Multiversal stories, told well, can reveal not only what might have been but what could still be. In “Everything Everywhere All at Once,” an exhausted Chinese laundromat owner named Evelyn, played with verve by Michelle Yeoh, discovers very suddenly that her reality is one of many. Her husband, Waymond, tells her to walk into a supply closet, then claps a Bluetooth headset onto her; he has come, we learn, from another time line. The headset lets Evelyn tap into the talents of her alternate selves—a spy, a martial artist, a chef. “Every tiny decision creates another branching universe,” Waymond-from-another-time-line later tells her.

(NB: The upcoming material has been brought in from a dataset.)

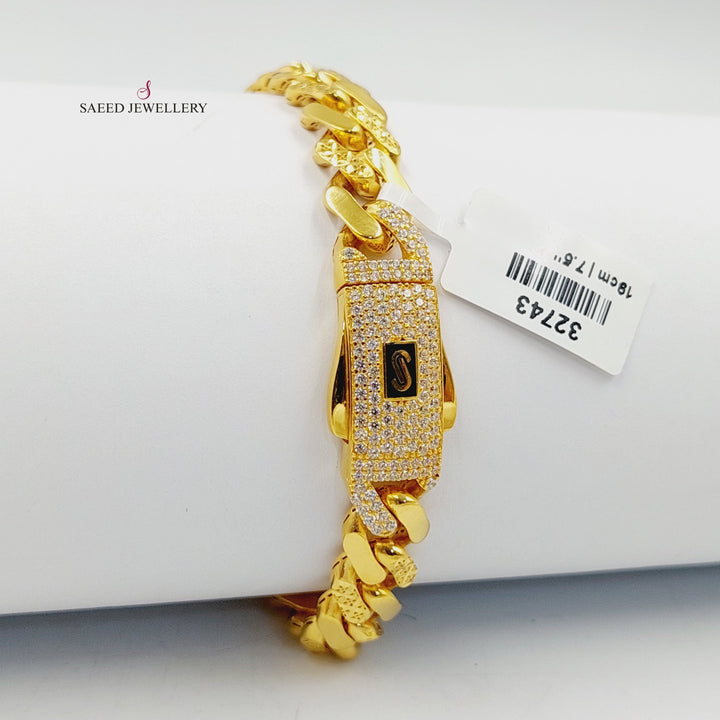 21K Gold Enameled & Zircon Studded Cuban Links Bracelet by Saeed Jewelry - Image 3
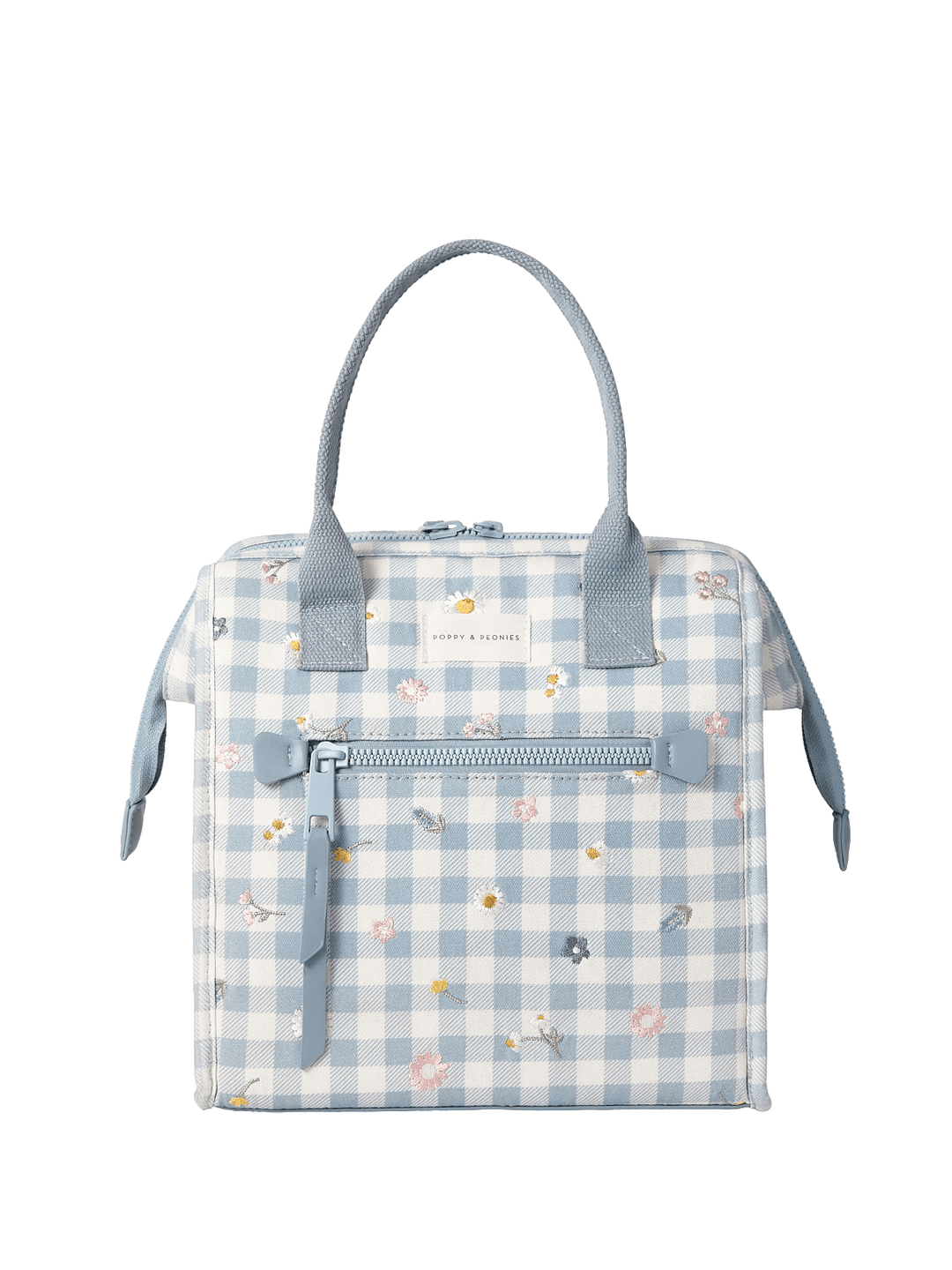 Blue gingham lunch bag with blue straps and floral embroidery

On Evelyn’s too-real time line, her daughter, Joy, is rebellious, sullen, and—to the dismay of Evelyn’s father—gay. But somewhere else in the multiverse her daughter has become a villain determined to scramble all reality. “Nothing matters,” Joy’s alter ego says, echoing the Borgesian spy for whom choices lose their meaning. “Everything we do gets washed away in a sea of every other possibility.” The symbol of Joy’s nihilism is an everything bagel, shaped like a zero, or like the iris of an eye. Evelyn starts out quietly despising—or, at best, reluctantly resigning herself to—the laundromat, the family, and the world she knows. But in order to save the multiverse she has to accept herself and her kid.

In a different world, “Everything Everywhere,” with its many moments of absurdist comedy, might feel like a parody of Marvel movies. Yet critics praised it, rightly, for originality. The director-writers Daniel Kwan and Daniel Scheinert fuse the psychology of multiversal fiction—its potential for despair over endless, meaningless choice, for example—with the open-ended, high-stakes storytelling of superhero tales. Marvel may own the idea of Tony Stark, or at least the right to make money from him, but the notion of the multiverse belongs to anyone who can use it to tell a good story.

Our fears about the future, and our hopes for the children who will inhabit it, may be a final reason that twenty-first-century audiences welcome tale after tale of multiple Earths, and why alternate time lines are flourishing in our time. In so many multiversal stories, from “Sidewise in Time” to “Everything Everywhere” and “Spider-Verse,” members of the rising generation take long and skeptical looks at their elders. They may wonder whether they will become their parents, or whether they can choose something else altogether: whether history must repeat, or whether it can be rewritten. We parents, meanwhile, learn from our children what is possible and what could have been. Children are bringers of change and agents of chaos; they can seem to come from another dimension. But their very presence can balance out our multiversal ennui. Shouldn’t we at least try to give them a better world than this one?